Greene’s contrarian take is powerful and should be taken seriously by scholars and policymakers. His point about the costs associated with surveys and observations is crucial. Both are expensive, especially the latter; so are they currently worth their price tags?

Here are some thoughts on winners and losers:

WINNER: The Bill and Melinda Gates Foundation deserves a great deal of credit for undertaking this huge project. They’ve opened up and shed light on a subject that many considered an impenetrable black box. Many questions remain but they have helped lift a corner of the great veil.

LOSER: The various research arms of U.S. Department of Education (from inception to today). This is precisely the kind of research that the feds should’ve been conducting for the last 30+ years. Even those most critical of the feds’ role in K–12 schooling generally agree that high-quality research should be part of USED’s portfolio. Why did it take a private foundation to launch this effort?

WINNER: Race to the Top and its backers. Despite loud complaints from the establishment, the grant competition’s all-important Section D was founded on new evaluations that used measures of student performance. The MET study suggests that this was a bold and proper move. The Department’s subsequent move to shift TIF in the same direction now also looks wise.

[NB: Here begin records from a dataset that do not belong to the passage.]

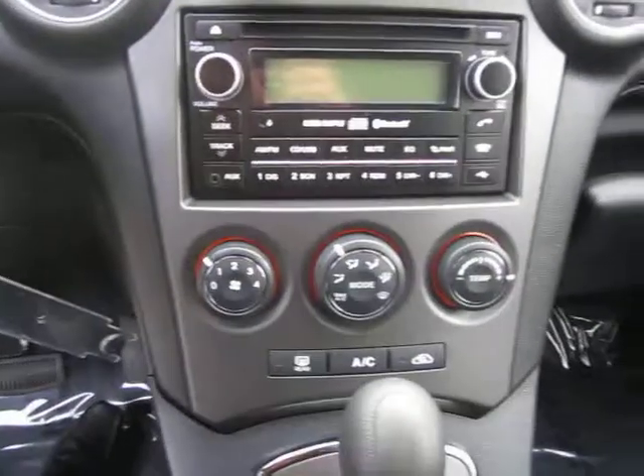So once again, this is the 2012 Kia Rondo LX from Kia of Hamilton. Give us a call today.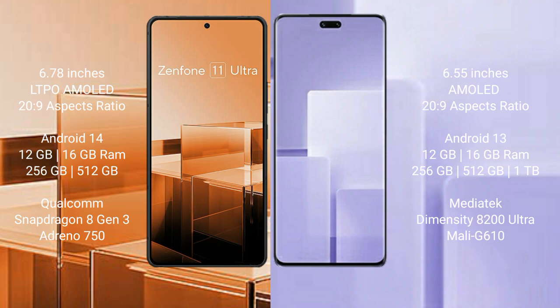Asus Zenfone 11 Ultra comes with 12GB or 16GB RAM, 256GB internal storage, powered by a Qualcomm Snapdragon 8 Gen 3 processor with Adreno GPU.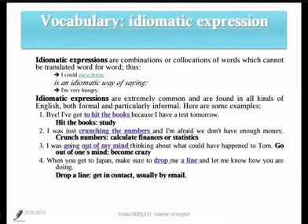Let's check more examples. Idiomatic expressions are extremely common in all kinds of English, both formal and mostly informal. Here are some examples.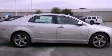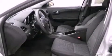Additional features include an anti-lock braking system, rear curtain airbags, latch-ready child seat anchors, full power accessories, and an auxiliary power outlet.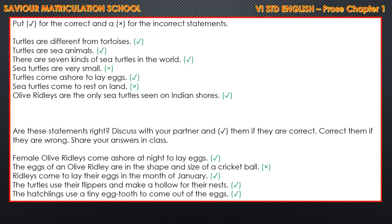Are these statements right? Discuss with your partner and tick them if they are correct. Correct them if they are wrong. First: female olive ridleys come ashore at night to lay eggs - yes, it is correct. The eggs of an olive ridley are in the shape and size of a cricket ball - no, it is wrong, so it is incorrect. Ridleys come to lay their eggs in the month of January - tick. The turtles use their flippers and make a hollow for their nest - yes, tick. The hatchlings use a tiny egg tooth to come out of the eggs - yes, it is correct.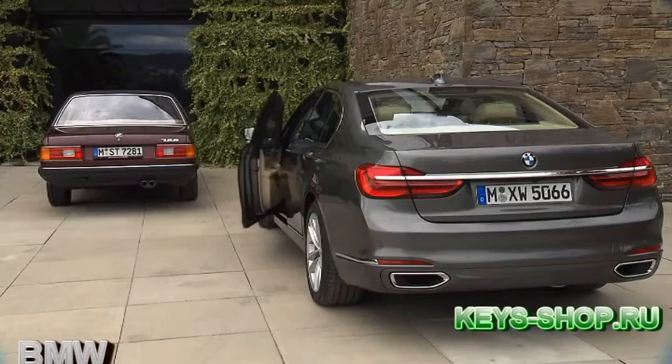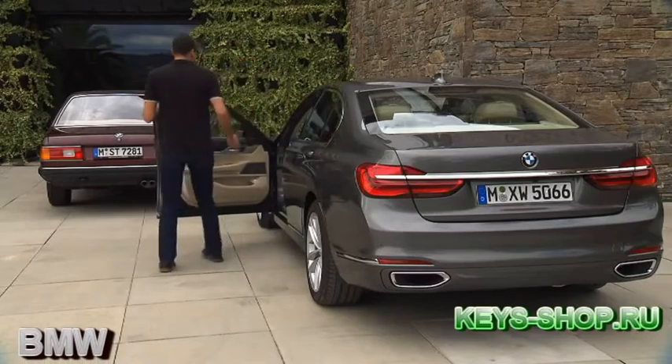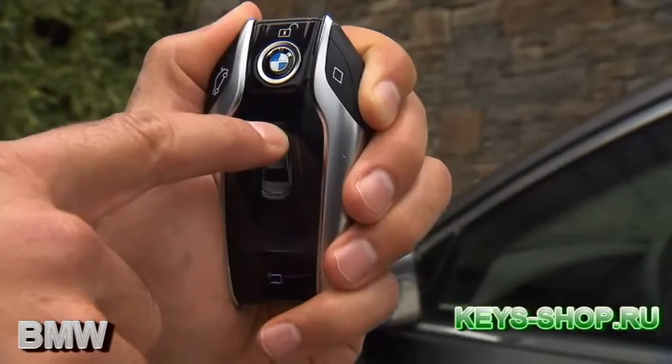With remote control parking, the BMW 7 is the worldwide first vehicle to offer a feature like this. It's a very easy to use function — if you have a very narrow, tight parking space which is difficult to get in and out from, you just take your display key.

LOSER: Those training-teacher observers. They’ve had decades to refine rubrics and prepare administrators for this critical work. And they produced results that appear to have come up short.

WINNER: Ed-reform advocacy organizations, especially TNTP. The group’s The Widget Effect largely launched this line of work, and, ever since, they’ve been arguing for smart evaluation reform and working with states and districts to bring it to life (a herculean task). Their time and energy appear to have been very well spent.

LOSER: Those who’ve argued that measures of student performance and student surveys should not be used to assess educator effectiveness and that observations are the way to go.

POTENTIAL BIGGEST WINNER: Whoever uses these findings to figure out how to identify potentially great teachers and how to train teachers to become superb.

-Andy Smarick

This blog entry first appeared on the Fordham Institute’s Flypaper blog.